Microcontrollers such as TI MSP430 series and Atmel AVR series are widely used in embedded systems. Microcontroller needs non-volatile memory such as flash memory to hold user application code. This post discusses how flash memory, ROM, and RAM are used in microcontrollers and how flash memory is programmed in field, aka ISP (In System Programming).
Flash memory can be embedded inside microcontroller. Most TI MSP430 microcontrollers fail into this category. Architecture of a generic microcontroller with on-chip flash memory is shown as below. On-chip flash is normally a NOR type flash. Compared to NAND flash, NOR flash supports random read/write access which is suitable to execute code out of it. But its density is low so it is of high cost to keep large side NOR flash inside microcontroller.
When microcontroller powers up, CPU first fetches code from ROM or a special flash which is pre-programmed at manufacturer and holds critical code such as BSL (bootstrap loader). CPU checks if on-chip main flash is programmed and if so CPU can execute code out of flash directly.
NOR flash is normally slow compared to CPU and interconnect bus speed. This can tremendously degrade overall performance. On-chip RAM can be used to speed up. CPU first copies flash code into RAM and then executes code out of RAM. This approach requires extra RAM to hold instructions. But RAM density is normally much higher than NOR flash. The extra chip area increase due to this extra RAM is not much compared to existing NOR flash area. If extra RAM size/area is a concern, sometimes a compromise can be made. Code that are frequently used or need high execution speed are copied to RAM and others can still execute out of flash.
Copying code from flash to RAM can be done by CPU itself or by DMA instructed by CPU.

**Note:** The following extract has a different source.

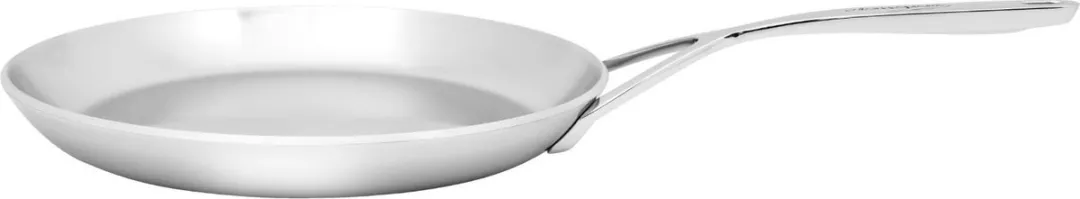 Demeyere Specialties Pannenkoekenpan 26cm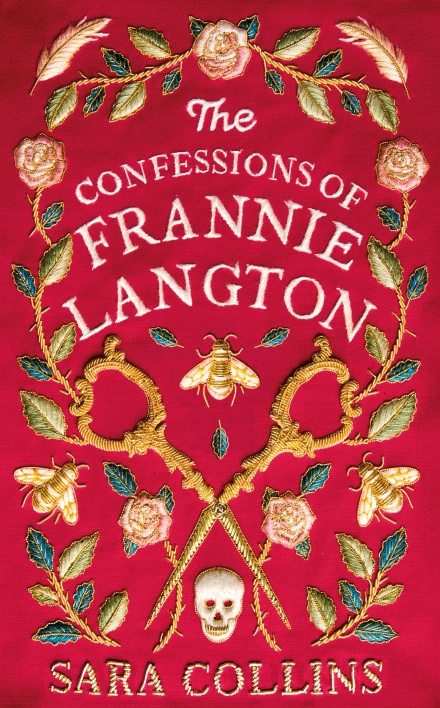 LucyWriters's tweet photo. We LOVE this interview between prize-winning author @mrsjaneymac &amp; @mylittlemy (two women who continue to inspire us too!). Here Sara talks characterisation in #FrannieLangton, the power of anger to unite women, her process of writing &amp; more.

Read here: https://t.co/HXaZIi9aE7 https://t.co/pPkRtkxHuG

External flash is used if large amount of user code needs to be stored. External flash is likely NAND type flash which has higher density and therefore is much cheaper than NOR flash of the same size. SPI bus is normally used to interface to standalone flash memory. NAND flash doesn’t support random access so execute code out of it is no-no. Code in external NAND flash needs to be copied to internal RAM at power up and CPU executes code out of internal RAM.

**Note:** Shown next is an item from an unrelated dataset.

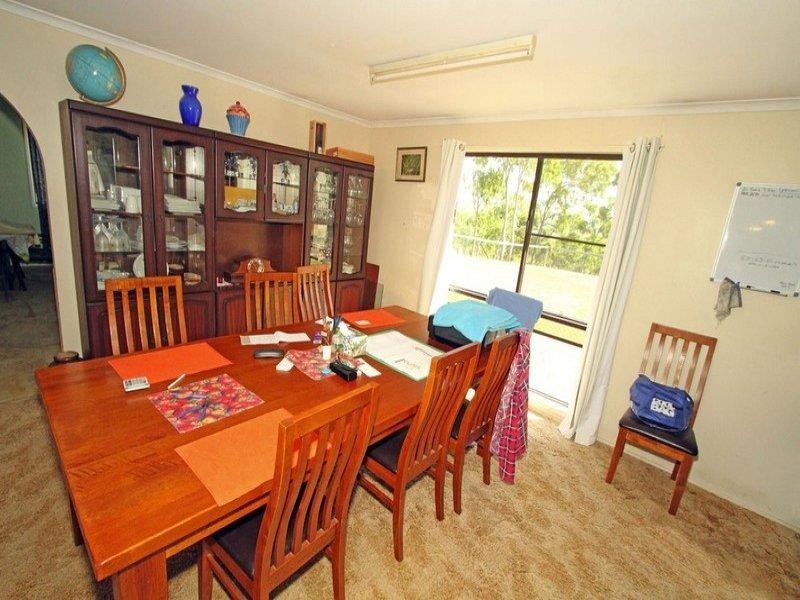 847 Keppel Sands Road, Coowonga QLD 4702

Then the next question is how to program on-chip or external flash memory in field. A good reference is MSP430 Memory Programming User Guide
Most MSP430 devices have nonvolatile flash memory that can store data or machine code for execution. This flash can be written using three primary methods: the MSP430 CPU/DMA, JTAG, or the bootstrap loader (BSL).

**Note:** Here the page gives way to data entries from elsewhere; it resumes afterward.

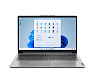 Купить Ноутбук Lenovo IdeaPad 1 15ALC7 Cloud Grey (82R4005PRA) - ITMag
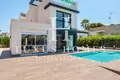 4 bedroom Villa 346 m² San Javier, Spain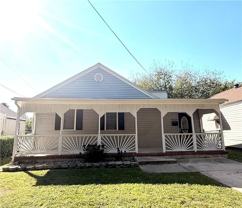 942 Douglas Ave - Photo 1 of 1
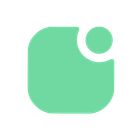 self.cv icon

Below illustrates a hypothetical scenario that UART is employed to program on-chip flash. At power up, CPU first executes code out of ROM or a special flash. CPU enters idle mode and waits for command from user. User sends a command to CPU through UART. This actually is a complicated process. First uart module receives data, saves data in some FIFO, and interrupts CPU to read FIFO and process data. It is also possible UART saves data in FIFO but requests DMA to move data to RAM. Then when all data related to that command is in RAM, DMA interrupts CPU to read data out of RAM and process it.
CPU interprets the UART command and realizes it is about programming flash. Then CPU executes BSL code which basically uses in-coming UART data to program flash.
Programming external flash is similar.
MSP430 also supports use SBW bus to program flash memory through JTAG logic.
We can try to integrate above diagram into our generic microcontroller architecture. One way is to have a dedicated access channel from JTAP controller to flash controller. This allows JTAP controller to program flash.
Another way is more flexible. JTAP controller can drive a JTAP bus master module. Through this module JTAP can access any slave on interconnect bus. This allows JTAP controller not only to program flash but also access other modules on bus.